-- Opening Marker --
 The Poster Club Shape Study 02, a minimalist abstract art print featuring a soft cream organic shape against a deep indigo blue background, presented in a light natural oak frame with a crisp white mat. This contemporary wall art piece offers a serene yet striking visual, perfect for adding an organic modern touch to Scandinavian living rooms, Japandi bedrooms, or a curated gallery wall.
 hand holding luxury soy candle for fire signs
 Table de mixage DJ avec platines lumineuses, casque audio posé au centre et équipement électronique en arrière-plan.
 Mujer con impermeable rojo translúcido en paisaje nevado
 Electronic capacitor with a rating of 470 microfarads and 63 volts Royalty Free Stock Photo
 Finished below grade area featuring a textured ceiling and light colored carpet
-- Closing Marker --
-- Opening Marker --
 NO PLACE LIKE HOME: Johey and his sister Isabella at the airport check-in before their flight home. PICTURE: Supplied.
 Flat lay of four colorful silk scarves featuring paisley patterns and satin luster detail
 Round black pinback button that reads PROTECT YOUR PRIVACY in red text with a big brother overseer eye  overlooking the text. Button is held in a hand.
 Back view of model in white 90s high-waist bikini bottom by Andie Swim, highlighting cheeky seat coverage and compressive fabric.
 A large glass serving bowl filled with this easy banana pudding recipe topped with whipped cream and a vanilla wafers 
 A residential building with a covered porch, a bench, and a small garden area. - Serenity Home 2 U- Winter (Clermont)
-- Closing Marker --
| Task to complete |
Retype the portion of the data above that starts on the line with "NO PLACE LIKE" and finishes on the line with "Flat lay of", including both of those lines.

| Written response |
 NO PLACE LIKE HOME: Johey and his sister Isabella at the airport check-in before their flight home. PICTURE: Supplied.
 Flat lay of four colorful silk scarves featuring paisley patterns and satin luster detail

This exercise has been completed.